Brian HANDWERK- National Geographic News

Fossils of an intriguing new species with a powerful hand may reveal an edgier side of some supposedly peaceful, plant-munching dinosaurs, a new study says.


Sarahsaurus

The discovery of Sarahsaurus aurifontanalis, which roamed North America about 190 million years ago, also boosts the idea that at least some dinosaurs became masters of their domain less by dominance than by opportunistic behaviour and a bit of good luck.

A remarkably complete Sarahsaurus skeleton, found in Arizona, shows that the early Jurassic herbivore was, at 14 feet (4.3 meters) long and 250 pounds (113 kilograms), smaller than its enormous sauropod cousins such as Apatosaurus, which arose later.

Like the sauropods - the largest animals to walk Earth - Sarahsaurus featured a long neck and small head. But the newly identified creature also boasted strong teeth and an unusual clawed hand, that, while only human size, was clearly built for enormous power and leverage, according to paleontologists.

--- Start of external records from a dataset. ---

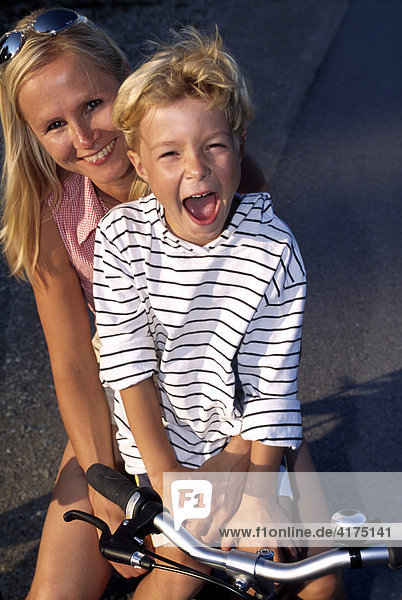 Mutter und Sohn auf Fahrrad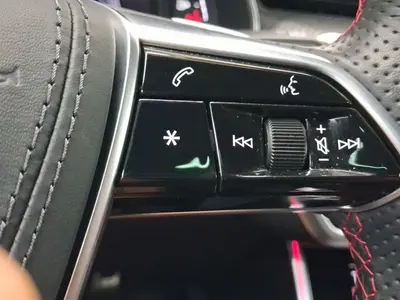 Audi S6 Avant – Foto 22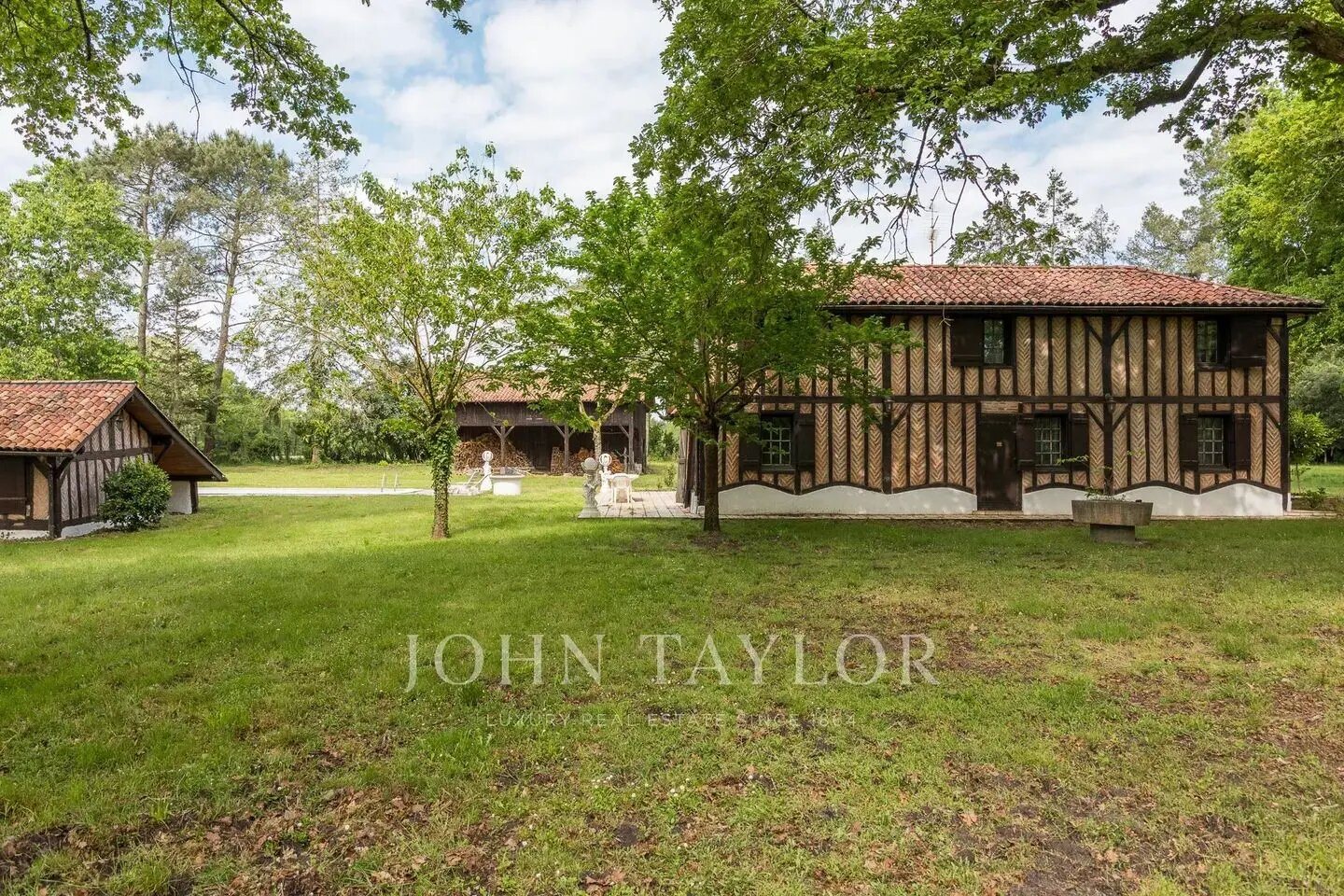 Maison à vendre, 194m², Gourbera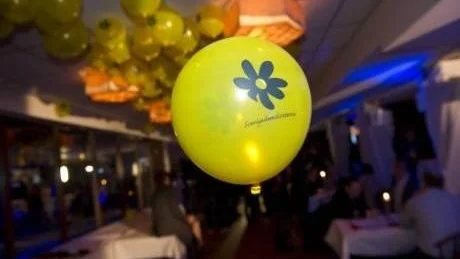 UPPBLÅSTA. Det är dags att sluta debattera Sverigedemokraterna och börja debattera politik.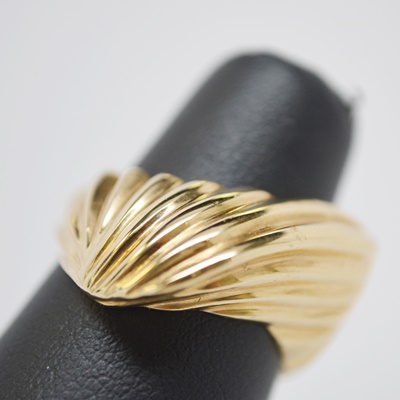 Vintage 14K Yellow Gold Asymmetric Ring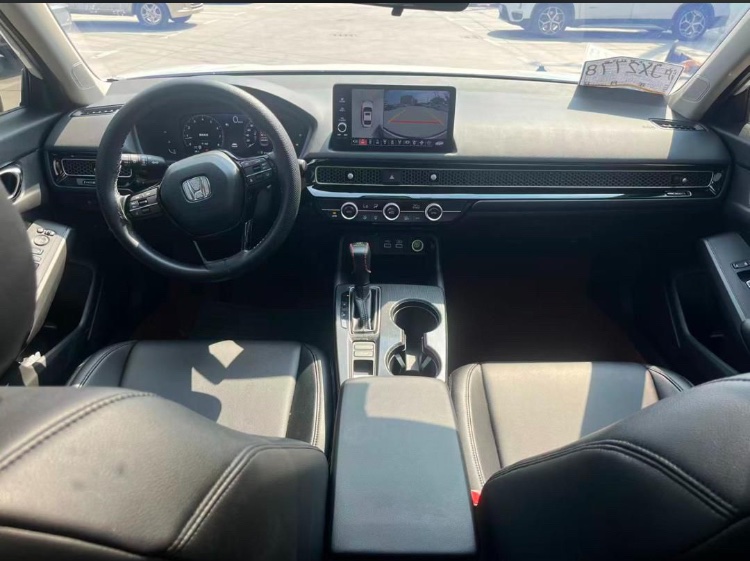 duodub7's tweet photo. CRV 2025 model . Full option 
600,000ghc https://t.co/7oA3R3WDf2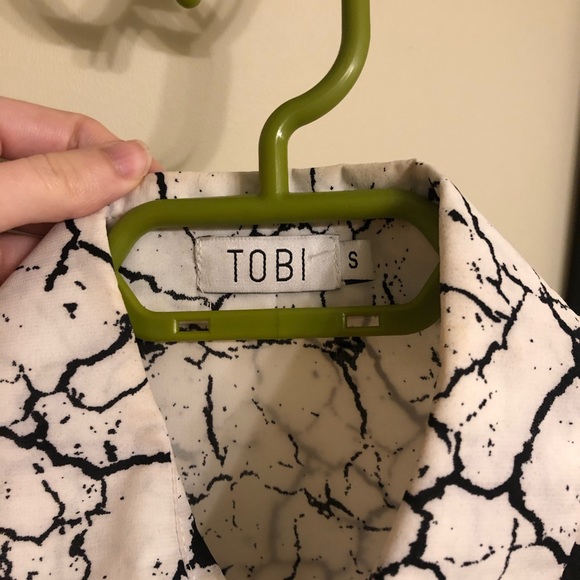 Marble Print Button Up Blouse - Picture 7 of 12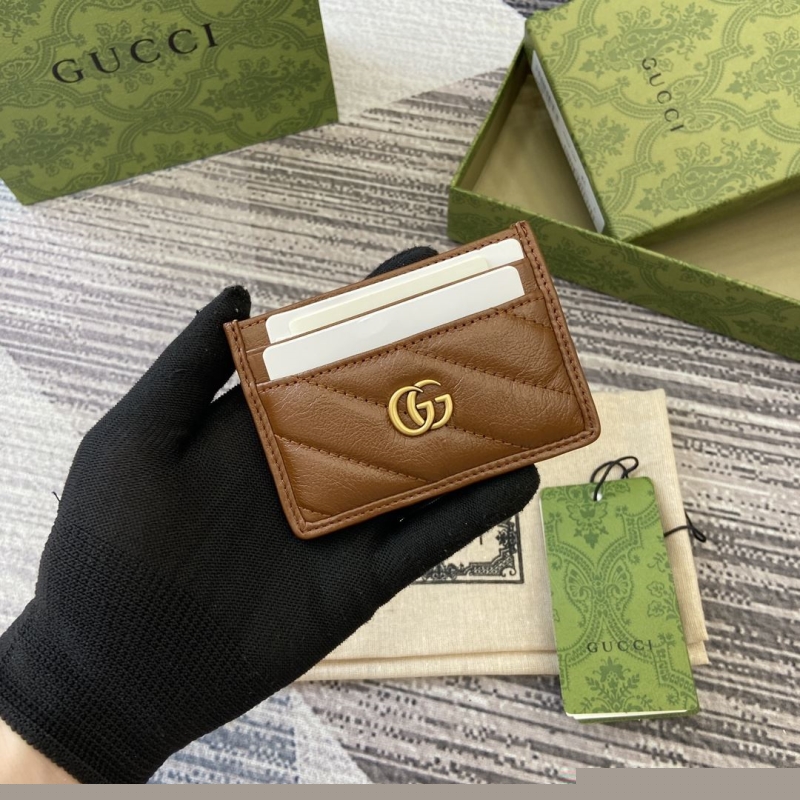 G*u*i wallets & purse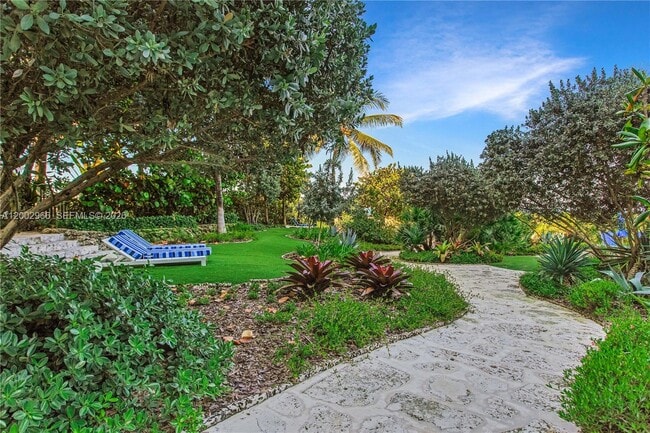 Building Photo - 9401 Collins Ave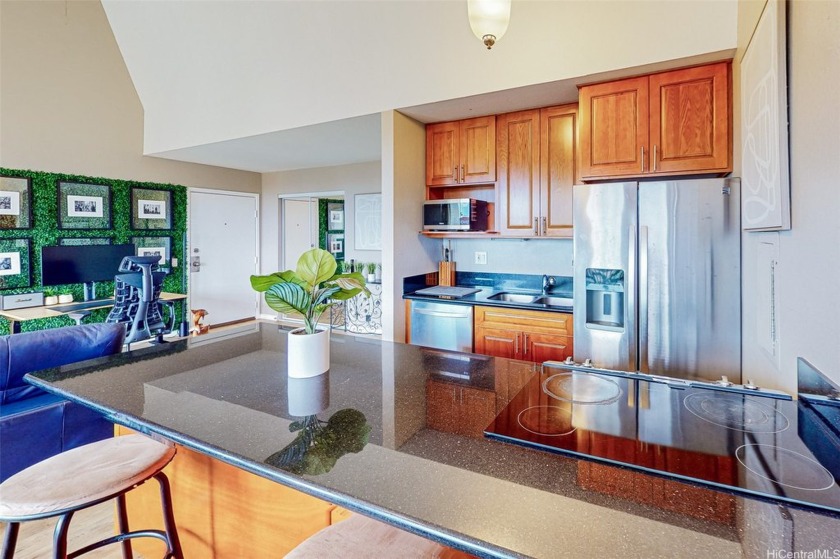 Gorgeous 2 bedroom 1 bath with open floor plan accented by the - Beach Condo for sale in Waianae, Hawaii on Beachhouse.com
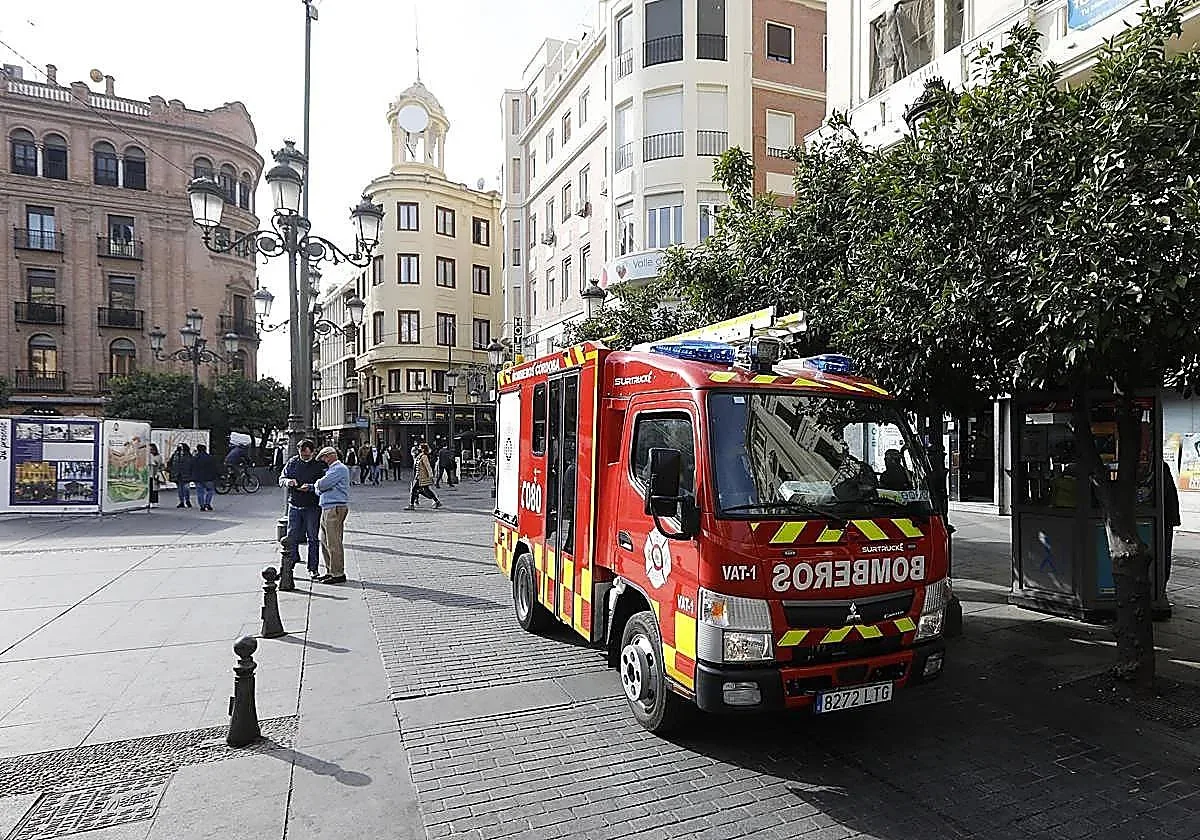 Los bomberos rescatan a un obrero tras romperse un tobillo en un tejado en Córdoba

“The dogma is that these animals were herbivores, but these hands and massive claws reopen the door to what they might have been doing with them,” study leader and a paleontologist at the University of Texas Tim Rowe said.

“Looking at the teeth, I think they could have eaten anything that they wanted, so they may have also been scavengers and not pure herbivores.”

Mass extinction prompted dinosaur migration

Beyond its bizarre appearance, the new species lends support to the relatively new view that dinosaurs came to dominate North America by being opportunistic, not necessarily by overpowering their competitors.

Dinosaurs, including Sarahsaurus, are generally believed to have originated in South America - then part of the ancient southern super continent Pangaea. But how and why they conquered the rest of the world is a matter of more debate.

By dating bones of Sarahsaurus and two other previously described species, scientists suggest that sauropod ancestors migrated to North America in several waves after the Triassic-Jurassic mass extinction killed off the dinosaurs’ North American competition 200 million years ago.

“It’s not as if they stormed the beaches,” Rowe noted.

“They had to wait for this natural catastrophe to empty the neighbourhood. So they were opportunists, not completely superior invaders.

The poignant story to me is that of recovery after a great extinction.”

The Sarahsaurus skeleton also spurred a reanalysis of existing fossil fragments in other species, Rowe said. For instance, the team now asserts that sauropods were completely absent in North America prior to the Triassic-Jurassic extinction that wiped out more than half of the planet’s species.